Roman Catholic church in La Union, Philippines

Saint Nicholas of Tolentino Parish Church, commonly known as Balaoan Church, is a Roman Catholic church located in Balaoan, La Union, Philippines under the jurisdiction of the Diocese of San Fernando de La Union. It used to be called Purao, and is under the advocacy San Nicolas de Tolentino.

== Church history ==
Balaoan used to be known as Purao. It was organized as a town from different rancherias in 1586. On June 29, 1587, Father Juan Bautista de Montoya was appointed as prior of Purao with the Augustinians accepting the convent to their order. Other references claim Father Juan Bautista de Sandoval as the first priest before Montoya while some other sources say Father Diego de Rojas. In 1597, the convent of Purao was allowed to vote in provincial meetings on the Augustinians. In 1603, Purao was annexed to Tagudin. People went back to the rancherias and the population decreased. Purao was made a visita in 1734. It was annexed to Namacpacan in 1739 and the name of the town of Purao was changed to what is known today as Balaoan.
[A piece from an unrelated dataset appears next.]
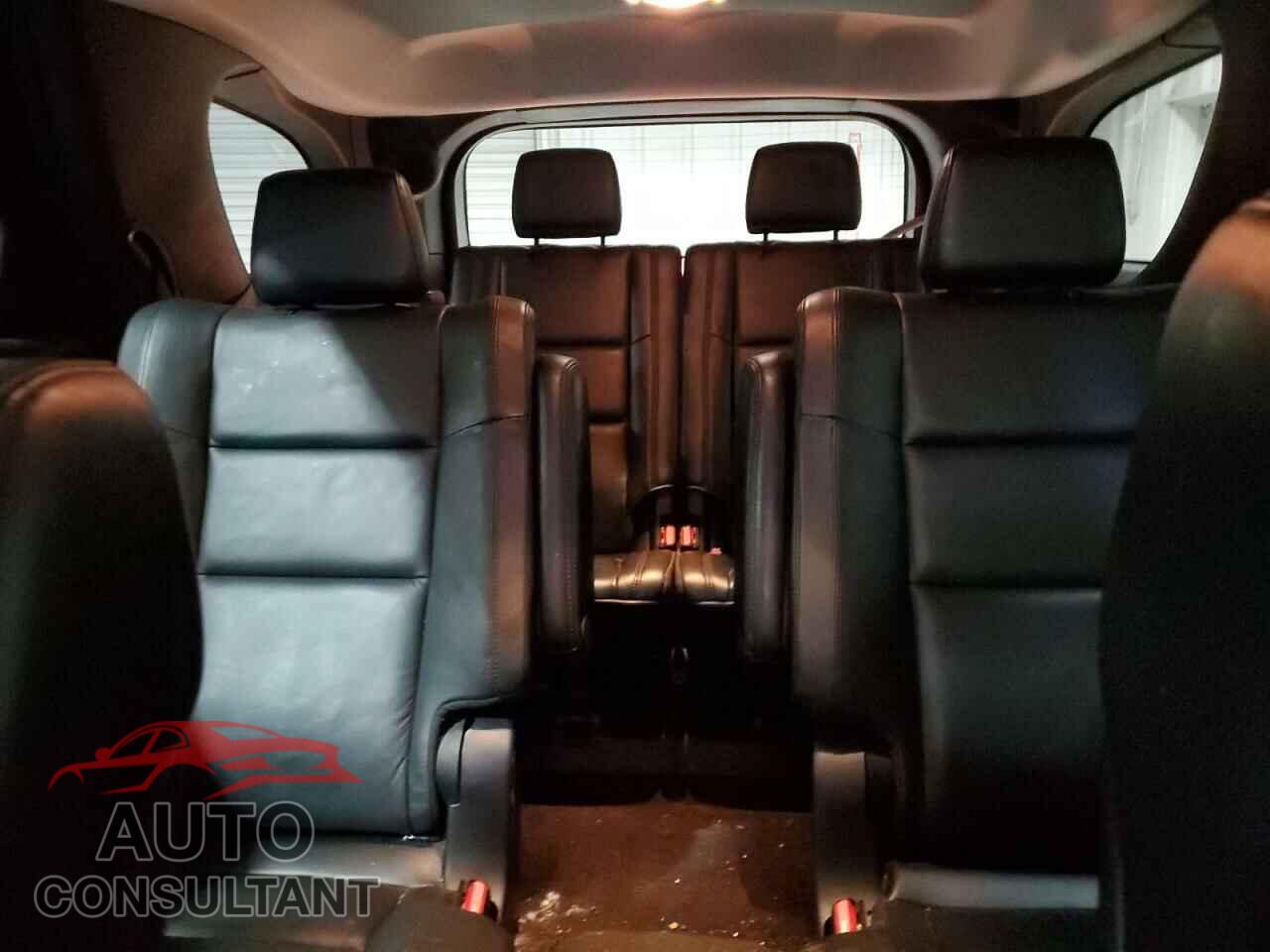 DODGE DURANGO 2019 - 1C4RDJDG6KC586729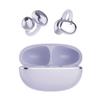Wireless Open Ear Earclip ENC Earphones Bluetooth 5.3 HD Call Touch Earphones Suitable For All Smartphones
The church was constructed around the 1820s. It was half-complete in 1829 with its sacristy and main chapel done. Father Juan Antonio Fernandez continued the construction by extending the church from the presbytery to the main entrance from his appointment to Balaoan in 1769 until his death in 1829. Father Valentin Noval continued the work on the church when he was appointed in 1839. When Father Noval died in 1864, the church was finally finished. In 1877, a convent and cemetery was built under the supervision of Father Casimiro Melgosa. The church was slightly damaged by an earthquake in 1880. Father Isidro Saez repaired the church in 1891. Although the church underwent major renovations, it has retained its original foundation and designs.

== Features ==
The church falls under the Baroque architecture. It is made of lime, bricks, and stone. Across the three-story facade is four pairs of columns and lantern-like finials with two acroterium on top of angular piers on the column's end. Its pediment ends up in a small scroll. A separate bell tower is found adjacent to the church. On the ceiling of the main altar is the murals of the Four Evangelists. On the right side of the main altar is the altar for the Our Lady of Namacpacan and on the left side is the altar for Saint Nicholas of Tolentino.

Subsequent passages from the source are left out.